Ein Felslabyrinth hoch im Norden Äthiopiens ist die Heimat eines einzigartigen Steinbocks. Wie in Österreichs Alpen thront er dort über einem schneebedeckten Reich. Allerdings hat er statt Murmeltieren Paviane als Untertanen. Wir machten uns auf die Suche nach Afrikas Bergkönig.



Hirtenbub auf Ziegensuche mit Peitsche im Simiengebirge von Äthiopien
Picture by T. Micke

Das Ehrlichste an diesem Auto ist die stabile Seilwinde, die vorn gleich zischen Kühlergrill und Stoßstange auf den ersten Notfall lauert. Das Fahrzeug selbst, ein roter Nissan Patrol, wurde offenbar ungezählte Jahre gnadenlos über ein paar der härtesten Schotterstraßen der Welt getrieben und entspricht daher allen Klischees: Ein quietschender, dröhnender Seelenverkäufer, der während unserer sechseinhalbstündigen Fahrt von Gondar nach Chenek, im westlichsten Zipfel der Simien Mountains, jedes Gespräch und jeden Schlafversuch im Keim erstickt. Und dann ist da noch die ständige Angst, sich beim nächsten Schlagloch die Zunge abzubeißen. Also lieber schweigen und genießen. Schließlich gibt es Menschen, die zahlen und Schlange stehen würden, um auch nur für ein paar Minuten so gnadenlos durchgerüttelt zu werden.

Draußen, jenseits der scheppernden Schlierenscheiben bereitet der Landschaftsregisseur gerade einen radikalen Szenenwechsel vor: "Cut! Genug von den faden Kichererbsenfeldern, Leute. Weg mit der öden Gerste, den eintönigen Eukalyptusplantagen, den trägen Kuhherden. Ich will Schluchten sehen! So richtige. Grand Canyon auf Äthiopisch. Ja, genau. Und Affenhorden. Bringt mir Babouns, damit da ein bisschen Bewegung ins Bild kommt. Die schlafen uns ja sonst ein, die Leute...!"

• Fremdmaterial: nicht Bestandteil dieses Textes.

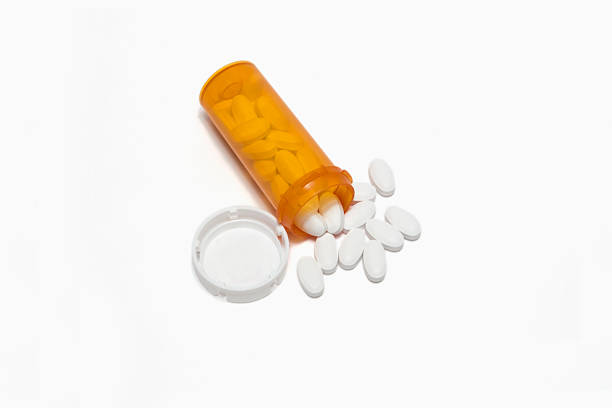 Looking down on a spilled prescription  statin photos stock pictures, royalty-free photos & images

Pavianfamilie mit Jungen in Äthiopiens Simien Gebirge
Picture by T. Micke

Wir schlafen bestimmt nicht ein: Seyoum, unser Fahrer, prügelt den alten Wagen zwischen friedlich grasenden Pavian-Familien eine steile und kurvige Bergstraße hinauf auf über 3300 Meter. Erst links, dann auch rechts stürzt der Horizont zwischen Felstürmen ins beinahe Bodenlose. Atemberaubende Steilwände wachsen zu uns empor wie die Mauern eines Riesenlabyrinths, ab und zu durchbrochen von einem Wasserfall zwischen moosbedeckten Klippen, und in der dunstigen Tiefe kann man Wälder und ein paar Dörfer mit den traditionell strohgedeckten Tukuls der Bauern erkennen. Darüber segeln Raubvögel – Adler, Bussard und Lämmergeier – auf Maus-Patrouille.

Seyoum brettert rallyemäßig einen steilen Hügel hinunter. Links von uns Felsen, rechts der Fluss, allerdings in einer Schlucht gut hundert Meter tiefer. Wir sind zu schnell für die kommende scharfe Linkskurve. Seyoum tritt aufs Bremspedal. Zu heftig für schlechte Reifen auf losem Untergrund. Das schwere Geländeauto schaukelt sich an einer Bodenwelle auf, schlingert, bricht aus, beginnt mit erschreckender Schräglage quer zu rutschen. Ich reiße die Beifahrertür auf, um abzuspringen, als sich Seyoum endlich aus dem Schock löst und den Fuß von der Bremse nimmt. Der Wagen bekommt wieder Richtung, schrammt gut zehn Meter seitlich an der Felswand entlang und steht.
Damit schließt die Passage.